So, liebe Freunde der Mainstream-Unterhaltung, für Euch ist das hier nix. Ich habe ernsthaft überlegt, ob ich mich mit diesem Post besser auf einem Anglerforum platzieren sollte. Aber ein bisschen Freakshow schadet ja auch an dieser Stelle nicht. Dazu passt hervorragend der Song “Fish” von Mr. Scruff, einem ganz ähnlichen Freak. Die Briten halt. Ihr werdet im Folgenden also die (innerstädtischen) Fischmärkte von Istanbul kennen lernen. Dazu gibt es eine Reihe von Fotos mit Erläuterungen, die die im Bosporus gefangenen Fische zeigen. Wenn dies hier ein erfolgreicher Artikel wird, dann fress ich einen Besen. Unter Zeugen.
Karaköy. Der Fischmarkt direkt am Wasser. Wer hier auf die Fährschiffe von Europa nach Asien steigt, kann alles haben: frische Fische am Feierabend zum Minipreis, ein Fischbrot auf die Hand oder auch gebrutzelte Kleinfische im rückwärtigen Anbau der Fischbuden. Kann im Winter nie wirklich touristisch werden.

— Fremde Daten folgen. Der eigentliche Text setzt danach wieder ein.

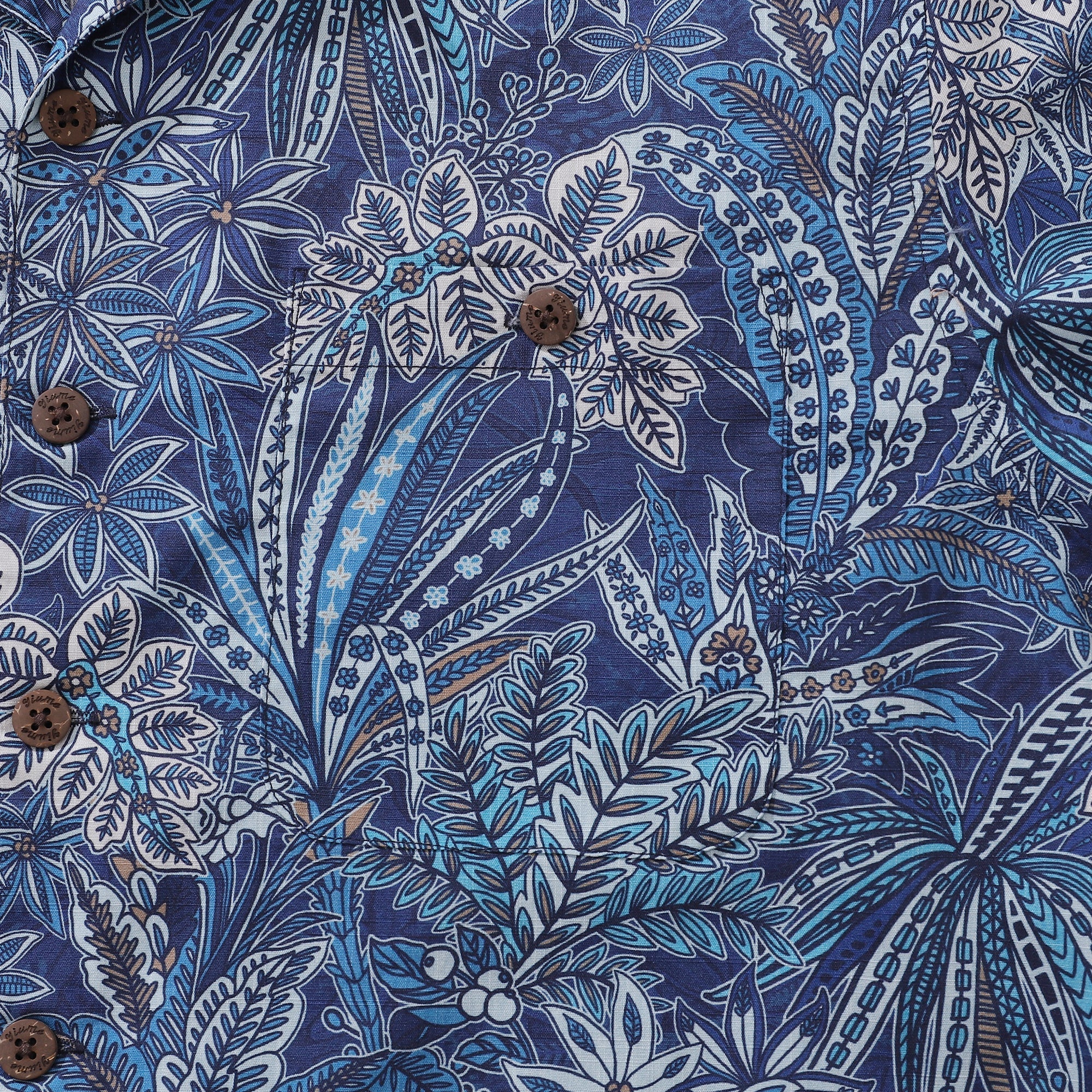 Men's Tropical Blues Botanical Print Cotton Camp Collar Shirt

Beyoğlu. In der Sahne Sokak landen die feinsten Fische von Istanbul. Hier in unmittelbarer Nähe der jeden Tag von mehreren hunderttausend Menschen durchlaufenen Istiklal Caddesi und nur wenige Schritte von den modernen Nightspots entfernt, hier sind die Fische mit Abstand am teuersten. Dafür wird alles geboten.
Kadıköy. Der gar nicht mehr so geheime Geheimtipp auf der asiatischen Seite. Bequem mit der Fähre zu erreichen, gibt es hier fast alles im Kleinen, was Istanbul so ausmacht. Außer historischen Gebäuden. Rapper Ceza (ja, der von “Crossing the Bridge”) stammt von hier. Alternative Szene, viele Bierbars.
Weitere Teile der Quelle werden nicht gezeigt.